DATA EXTRACTS Start Marker

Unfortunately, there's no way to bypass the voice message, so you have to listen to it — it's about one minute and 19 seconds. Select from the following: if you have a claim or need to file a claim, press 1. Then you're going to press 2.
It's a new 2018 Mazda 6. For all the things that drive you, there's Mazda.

DATA EXTRACTS End Marker
DATA EXTRACTS Start Marker

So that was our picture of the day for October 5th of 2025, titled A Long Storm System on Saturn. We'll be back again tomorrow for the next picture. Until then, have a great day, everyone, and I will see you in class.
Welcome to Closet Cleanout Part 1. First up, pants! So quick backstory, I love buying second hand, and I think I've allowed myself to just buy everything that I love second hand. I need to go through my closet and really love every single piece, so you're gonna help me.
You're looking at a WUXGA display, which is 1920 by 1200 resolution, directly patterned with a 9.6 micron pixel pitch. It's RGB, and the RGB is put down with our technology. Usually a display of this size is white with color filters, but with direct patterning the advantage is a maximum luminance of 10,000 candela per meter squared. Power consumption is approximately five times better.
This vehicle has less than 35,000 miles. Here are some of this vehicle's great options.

DATA EXTRACTS End Marker
DATA EXTRACTS Start Marker

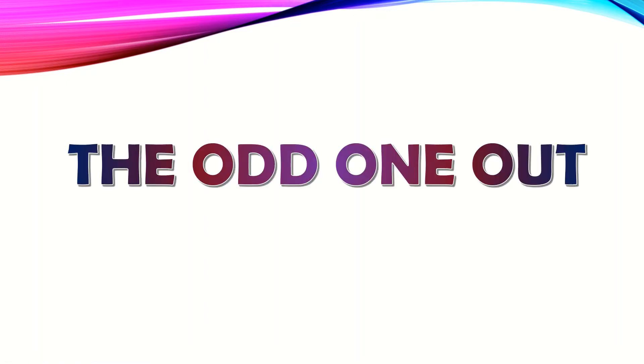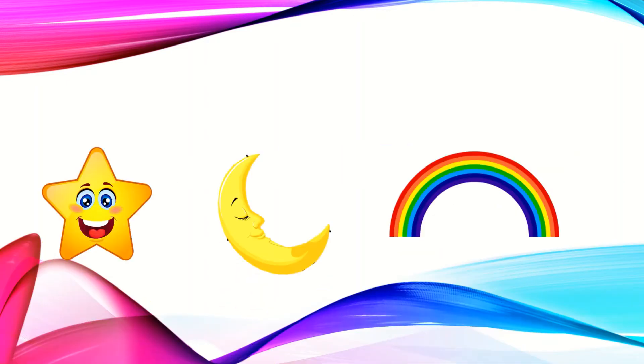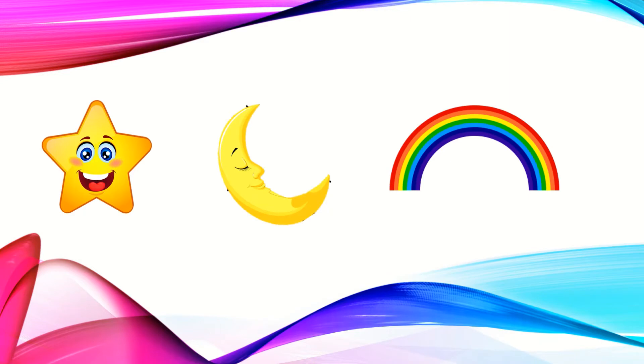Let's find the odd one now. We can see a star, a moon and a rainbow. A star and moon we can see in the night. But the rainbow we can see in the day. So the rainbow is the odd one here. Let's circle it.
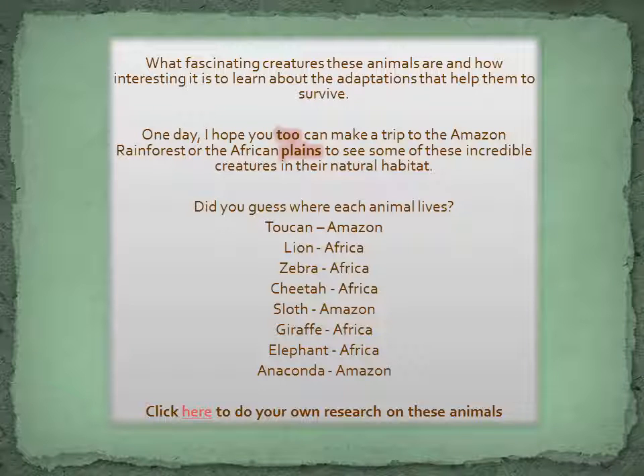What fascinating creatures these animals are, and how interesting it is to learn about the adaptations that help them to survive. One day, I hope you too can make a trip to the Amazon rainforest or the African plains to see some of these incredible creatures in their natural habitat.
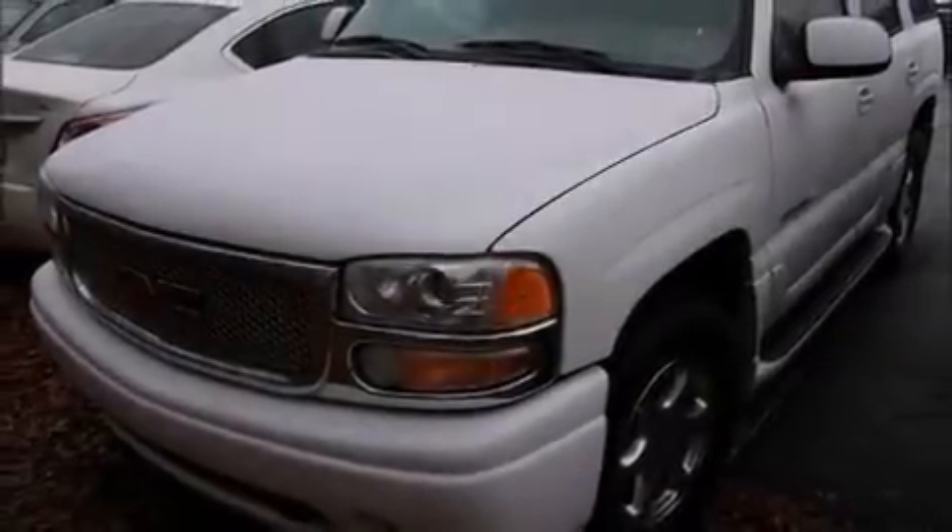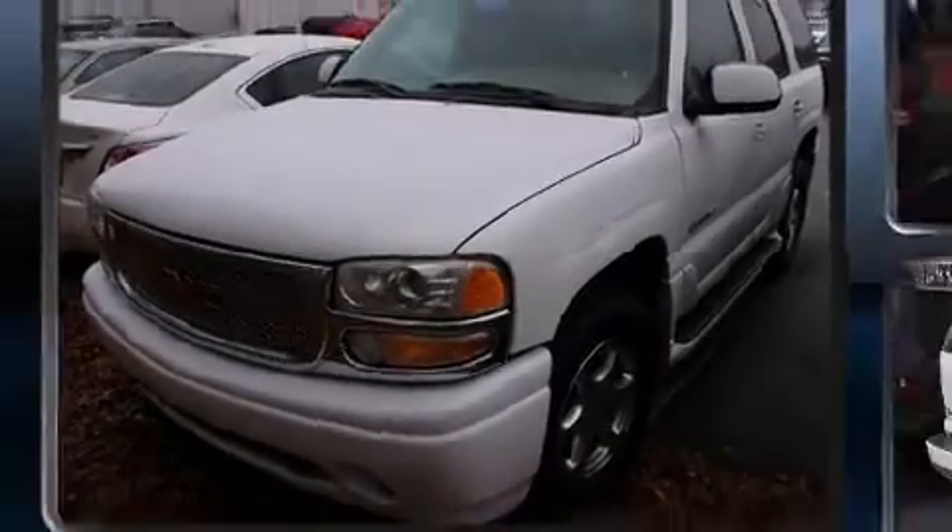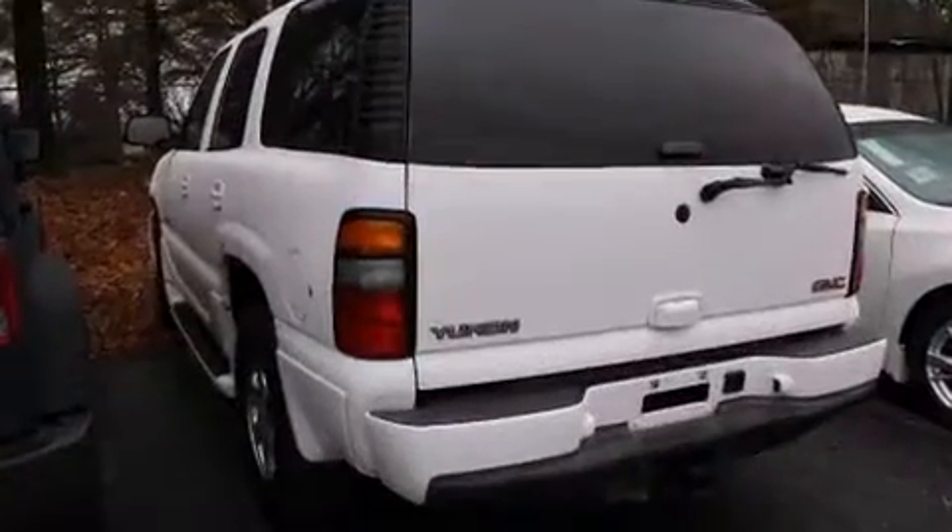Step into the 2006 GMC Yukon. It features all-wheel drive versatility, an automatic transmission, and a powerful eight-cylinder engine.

DATA EXTRACTS End Marker

→ **TASK ITEM**:
Scan the records above, then copy out each line that mentions "great".

→ **SOLUTION FOR THIS PROBLEM**:
So that was our picture of the day for October 5th of 2025, titled A Long Storm System on Saturn. We'll be back again tomorrow for the next picture. Until then, have a great day, everyone, and I will see you in class.
This vehicle has less than 35,000 miles. Here are some of this vehicle's great options.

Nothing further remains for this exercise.